The International Maritime Organization (IMO) through its Marine Environment Protection Committee (MEPC) has, over many years, been developing international legislation to prevent the harmful effects of transporting aquatic organisms in ships ballast water.
Over 9-13 February 2004 a Diplomatic Conference was held to adopt the “International Convention for the Control and Management of Ships’ Ballast Water and Sediments”. The Ballast Water Management (BWM) Convention puts in place international legislation for the first time and will enter into force 12 months (with a first application date of 2009) after it has been signed by 30 States, representing 35% of world merchant shipping tonnage.
To date, thirteen Member States have ratified the convention. Member States have been urged to ratify the instrument to facilitate its timely entry into force. The UK is intending to begin the process of ratifying the Convention as soon as it has been proved that technology is available to meet the water quality standards under Regulation D-2.
The Convention provides two ballast water discharge performance standards for the industry – the first providing a standard for ballast water exchange and the second based on ballast water treatment.

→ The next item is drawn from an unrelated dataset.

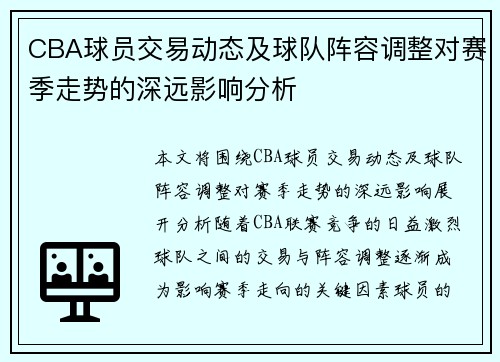 CBA球员交易动态及球队阵容调整对赛季走势的深远影响分析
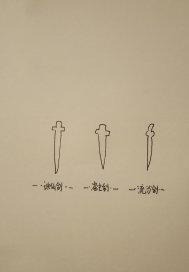 灵妖猫传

These are set out below:
- D1 Standard - Ballast Water Exchange (at least 95% volumetric exchange) or if using the pump though method - pumping through three times the volume of each tank.
- D2 Standard - Ballast Water Treatment systems approved by the Administration which treat ballast water to an efficacy of:
- Less than 10 viable organisms per m3 >50 micrometres (one millionth of a meter) in minimum dimension, and
- Less than 10 viable organisms per millilitre < 50 micrometres in minimum dimension and >10 micrometers in minimum dimension.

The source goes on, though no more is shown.